TASK GOAL:
Find the line with "Web Design par" in the entries below. Repeat it, every following line, and the line with "游泳池补丁贴补漏胶带防水修补贴", exactly and with nothing added.

INPUT:
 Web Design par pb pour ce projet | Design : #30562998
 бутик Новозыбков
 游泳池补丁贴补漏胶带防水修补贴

==

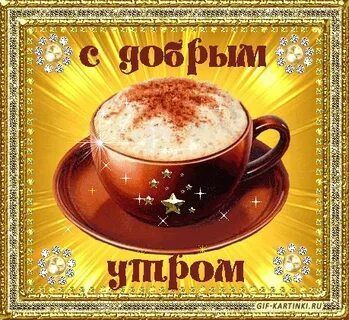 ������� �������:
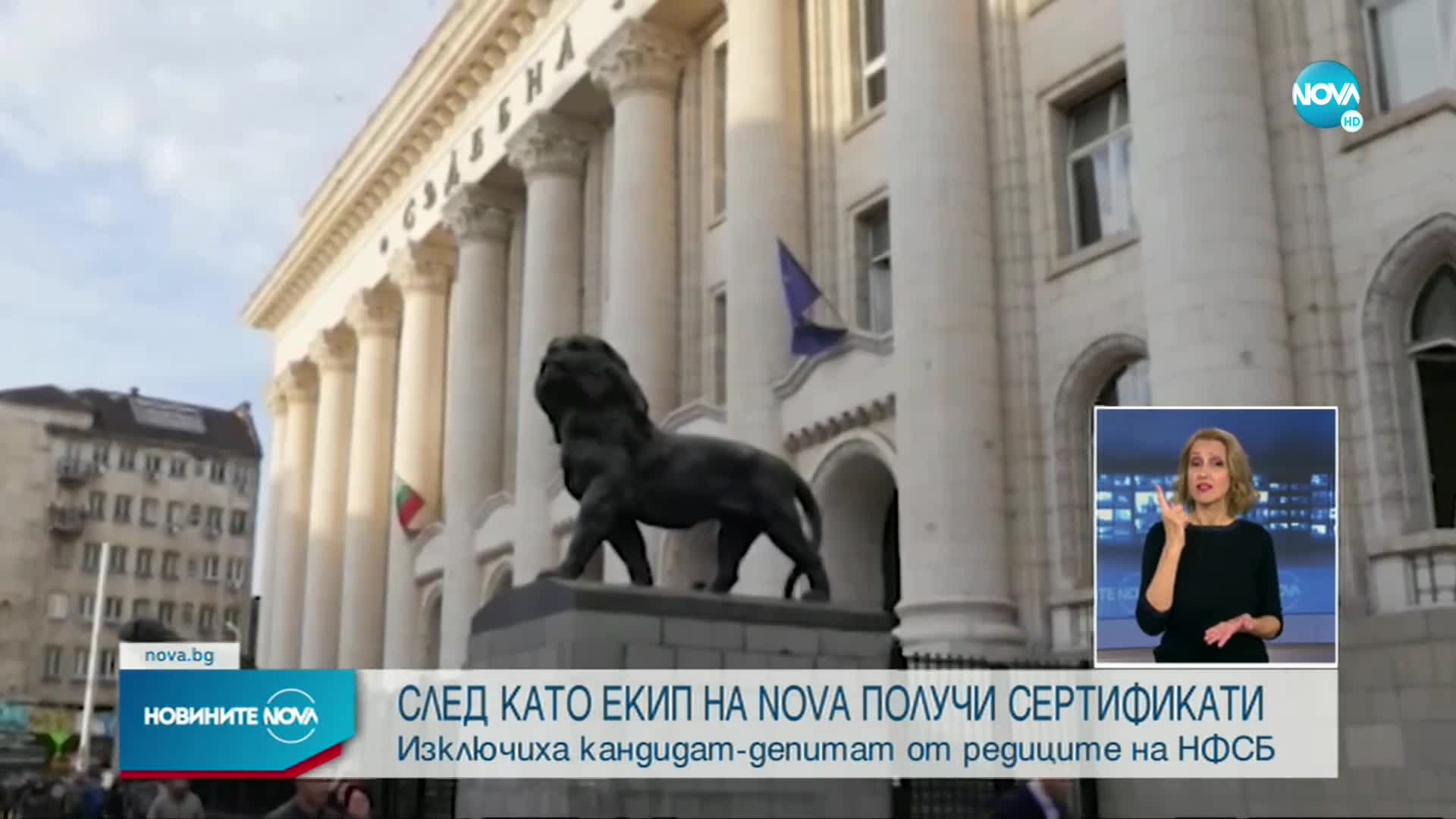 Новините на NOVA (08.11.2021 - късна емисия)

SOLUTION FOR THIS EXERCISE:
 Web Design par pb pour ce projet | Design : #30562998
 бутик Новозыбков
 游泳池补丁贴补漏胶带防水修补贴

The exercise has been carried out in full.